I have done the comparison also. It is not an apples to apples comparison. Every election cycle going back to 2010, absentee ballots consume a larger and larger share of the electorate compared to early voting and election day voting.
Before it was primarily GOP votes used to using absentee voting - now it’s Dems and indies also using this voting.
This of course would necessarily affect ratios of who’s voting.
The sheer volume of absentee voters this election cycle makes moot any comparison to 2014. It appears that the usual early voting Dems are now using absentee ballots instead. This will be confirmed once early voting starts next week.
It is next to impossible to compare 2014 to 2018 and it’s even difficult to compare to 2016.
Iowa on the other hand - it is rather easy to compare to 2012, 2014, and 2016.
You are 100% right. More and more people are voting absentee/early because it is convenient and in FL you can freely do so.
I’ve done some analysis on about 30 counties which encompass 95%+ of the votes. I am throwing out some of the counties where the absentee numbers in are so low they aren’t worth analyzing. The numbers don’t add up to zero as the difference is the change in independents.
This is taking absentee votes comparing R/D percentages from 2014 to 2018 based on votes returned so far in 2018.

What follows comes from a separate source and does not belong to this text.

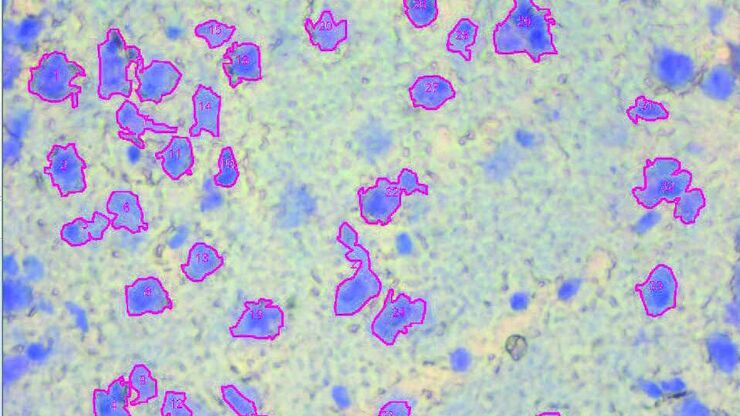 Brain section 12 μm, before dissection, objective 63x, stained with Toluidin blue.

Charlotte - R -1.2%, D +5.1%
Collier - R 0.0%, D +0.6%
Escambia - R -3.1%, D +2.0%
Hernando - R +5.7%, D -4.6%
Indian River - R -8.4%, D +5.7%
Lee - R -0.6%, D +2.1%
Orange - R -4.1%, D +4.1%
Pasco - R -1.4%, D +0.9%
Pinellas - R +1.3%, D -0.2%
Sarasota - R -3.9%, D +6.4%
It’s not catastrophic or anything, but the 30k lead in votes is driven more by the counties the ballots are coming from so far.